**What this task involves**
Every line from the first one in the listing down to the line with "Malaysia pun ada" should be restated word for word.
Start of The input
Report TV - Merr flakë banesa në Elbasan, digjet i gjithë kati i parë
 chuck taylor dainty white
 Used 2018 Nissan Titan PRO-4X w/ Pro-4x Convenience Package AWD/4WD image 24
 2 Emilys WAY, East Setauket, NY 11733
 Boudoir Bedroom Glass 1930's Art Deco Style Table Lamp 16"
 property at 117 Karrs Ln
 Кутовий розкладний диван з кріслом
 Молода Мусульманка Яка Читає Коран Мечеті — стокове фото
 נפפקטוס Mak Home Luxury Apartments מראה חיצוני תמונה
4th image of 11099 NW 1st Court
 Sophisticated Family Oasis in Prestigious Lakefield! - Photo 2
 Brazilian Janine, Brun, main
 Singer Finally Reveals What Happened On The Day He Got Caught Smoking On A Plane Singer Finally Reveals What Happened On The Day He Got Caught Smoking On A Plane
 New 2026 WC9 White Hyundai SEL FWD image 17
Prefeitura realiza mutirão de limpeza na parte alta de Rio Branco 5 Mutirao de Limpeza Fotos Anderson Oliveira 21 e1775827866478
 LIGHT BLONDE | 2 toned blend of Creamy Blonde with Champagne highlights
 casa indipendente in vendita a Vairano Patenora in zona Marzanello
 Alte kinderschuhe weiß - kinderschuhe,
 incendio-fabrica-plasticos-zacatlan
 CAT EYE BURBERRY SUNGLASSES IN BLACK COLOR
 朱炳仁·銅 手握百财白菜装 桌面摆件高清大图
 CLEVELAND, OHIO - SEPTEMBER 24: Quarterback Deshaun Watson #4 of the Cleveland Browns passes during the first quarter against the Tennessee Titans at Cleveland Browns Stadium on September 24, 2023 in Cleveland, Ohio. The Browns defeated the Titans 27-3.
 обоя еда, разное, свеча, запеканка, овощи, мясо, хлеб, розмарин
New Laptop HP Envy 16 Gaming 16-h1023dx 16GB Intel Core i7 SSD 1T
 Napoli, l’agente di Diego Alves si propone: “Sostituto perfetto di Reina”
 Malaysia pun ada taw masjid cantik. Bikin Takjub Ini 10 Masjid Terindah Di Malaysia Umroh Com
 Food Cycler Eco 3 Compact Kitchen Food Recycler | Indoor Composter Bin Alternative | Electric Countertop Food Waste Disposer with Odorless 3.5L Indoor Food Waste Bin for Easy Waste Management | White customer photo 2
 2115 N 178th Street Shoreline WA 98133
End of The input
**Output of the exercise**
Report TV - Merr flakë banesa në Elbasan, digjet i gjithë kati i parë
 chuck taylor dainty white
 Used 2018 Nissan Titan PRO-4X w/ Pro-4x Convenience Package AWD/4WD image 24
 2 Emilys WAY, East Setauket, NY 11733
 Boudoir Bedroom Glass 1930's Art Deco Style Table Lamp 16"
 property at 117 Karrs Ln
 Кутовий розкладний диван з кріслом
 Молода Мусульманка Яка Читає Коран Мечеті — стокове фото
 נפפקטוס Mak Home Luxury Apartments מראה חיצוני תמונה
4th image of 11099 NW 1st Court
 Sophisticated Family Oasis in Prestigious Lakefield! - Photo 2
 Brazilian Janine, Brun, main
 Singer Finally Reveals What Happened On The Day He Got Caught Smoking On A Plane Singer Finally Reveals What Happened On The Day He Got Caught Smoking On A Plane
 New 2026 WC9 White Hyundai SEL FWD image 17
Prefeitura realiza mutirão de limpeza na parte alta de Rio Branco 5 Mutirao de Limpeza Fotos Anderson Oliveira 21 e1775827866478
 LIGHT BLONDE | 2 toned blend of Creamy Blonde with Champagne highlights
 casa indipendente in vendita a Vairano Patenora in zona Marzanello
 Alte kinderschuhe weiß - kinderschuhe,
 incendio-fabrica-plasticos-zacatlan
 CAT EYE BURBERRY SUNGLASSES IN BLACK COLOR
 朱炳仁·銅 手握百财白菜装 桌面摆件高清大图
 CLEVELAND, OHIO - SEPTEMBER 24: Quarterback Deshaun Watson #4 of the Cleveland Browns passes during the first quarter against the Tennessee Titans at Cleveland Browns Stadium on September 24, 2023 in Cleveland, Ohio. The Browns defeated the Titans 27-3.
 обоя еда, разное, свеча, запеканка, овощи, мясо, хлеб, розмарин
New Laptop HP Envy 16 Gaming 16-h1023dx 16GB Intel Core i7 SSD 1T
 Napoli, l’agente di Diego Alves si propone: “Sostituto perfetto di Reina”
 Malaysia pun ada taw masjid cantik. Bikin Takjub Ini 10 Masjid Terindah Di Malaysia Umroh Com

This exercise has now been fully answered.